▸ Task objective
Your answer is one number, how many lines in the entries include "Collection".

[Recorded data]

▬▬▬▬▬▬▬▬▬▬

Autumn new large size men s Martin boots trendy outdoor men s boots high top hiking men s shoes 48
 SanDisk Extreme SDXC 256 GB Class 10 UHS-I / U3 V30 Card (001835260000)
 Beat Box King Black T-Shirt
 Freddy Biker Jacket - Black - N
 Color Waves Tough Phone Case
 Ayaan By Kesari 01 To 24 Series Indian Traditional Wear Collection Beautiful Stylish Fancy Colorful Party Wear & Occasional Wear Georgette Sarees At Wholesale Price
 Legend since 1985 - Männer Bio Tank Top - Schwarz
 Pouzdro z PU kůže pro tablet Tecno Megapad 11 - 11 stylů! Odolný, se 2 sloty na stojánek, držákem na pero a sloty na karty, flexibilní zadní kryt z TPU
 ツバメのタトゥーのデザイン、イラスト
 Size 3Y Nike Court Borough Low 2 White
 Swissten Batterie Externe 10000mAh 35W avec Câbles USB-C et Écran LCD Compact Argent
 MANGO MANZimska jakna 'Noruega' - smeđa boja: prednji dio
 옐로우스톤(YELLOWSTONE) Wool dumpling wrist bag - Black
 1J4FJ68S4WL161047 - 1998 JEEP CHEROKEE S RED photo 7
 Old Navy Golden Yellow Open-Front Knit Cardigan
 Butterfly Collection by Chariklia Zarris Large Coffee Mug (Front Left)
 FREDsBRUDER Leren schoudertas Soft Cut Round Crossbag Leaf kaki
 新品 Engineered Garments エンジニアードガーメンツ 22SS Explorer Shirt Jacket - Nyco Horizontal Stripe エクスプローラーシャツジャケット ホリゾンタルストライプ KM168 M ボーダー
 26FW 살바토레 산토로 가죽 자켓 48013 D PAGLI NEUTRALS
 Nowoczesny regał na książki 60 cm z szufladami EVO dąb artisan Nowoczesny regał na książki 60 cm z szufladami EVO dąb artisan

▬▬▬▬▬▬▬▬▬▬

▸ Output of the task
2